Feb 13, 2018
Today’s movie is “The Cloverfield Paradox” (2018), the surprise installment in the Cloverfield universe announced during this year’s Super Bowl and made immediately available on Netflix. The film follows the crew of the Cloverfield space station, which is attempting to generate a nearly limitless power source. After multiple failed attempts, they succeed, ripping themselves into another universe and wreaking havoc on their space station.
I have mixed feelings about the Cloverfield approach to films. On the surface, the idea is undeniably clever, giving a lot of leeway to curate loosely connected genre films in an asymmetrical fashion. “Cloverfield” (2008) was such a fresh take on the giant monster film, both slightly nauseating to watch given the camera work, but amazingly rendered. “10 Cloverfield Lane” (2016) took a hard left into a psychological thriller, with extremely loose ties made somewhat clear in the last ten minutes.
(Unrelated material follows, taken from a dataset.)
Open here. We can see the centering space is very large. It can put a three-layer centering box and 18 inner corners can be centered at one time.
And now, we have a third installment, set in space, with almost countless references to space thrillers that have come before. The story feels like too much, missing the focus of the previous installments, jumping between an isolated space station setting and the events unfolding on the ground, not to mention a completely different dimension and whatever space madness begins to happen. And when the direct connections are made to the first film, the reveal just falls kind of flat.
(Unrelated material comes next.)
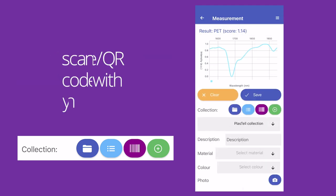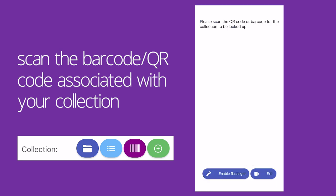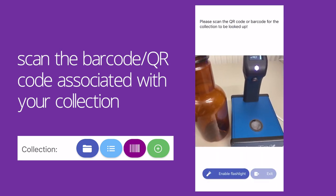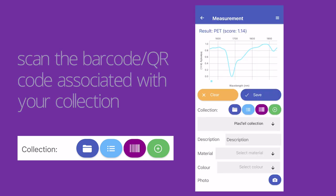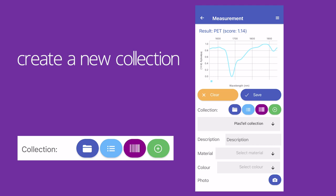The purple barcode button allows you to scan the QR codes associated with your collection. The green plus button creates a new collection, which you can then save your measurement to.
The ensemble cast turns in a decent performance, although we never really get to know much about any of them except their nationality and which languages they speak. The most defined relationship is between Hamilton (Gugu Mbatha-Raw) and her husband Michael (Roger Davies), which bridges the two storylines. Chris O’Dowd provides comedic support as Mundy. And there’s a fun cameo by Donal Logue, who literally wrote the book on “The Cloverfield Paradox”.
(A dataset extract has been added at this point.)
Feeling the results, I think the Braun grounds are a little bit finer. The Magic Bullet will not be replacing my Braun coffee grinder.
I’m a sucker for science fiction films, so despite the weird tone differences and mashed together feel of this film, I don’t hate it as much as others. I do have some concerns for future installments, especially if the story is as haphazardly thrown together as this script. And I have a lot of criticisms as well, but in the end, I enjoyed it, probably against my better judgment.
Rotten Tomatoes: 18%
One Movie Punch: 6.4/10
“The Cloverfield Paradox” (2018) is rated TV-MA and is streaming on Netflix.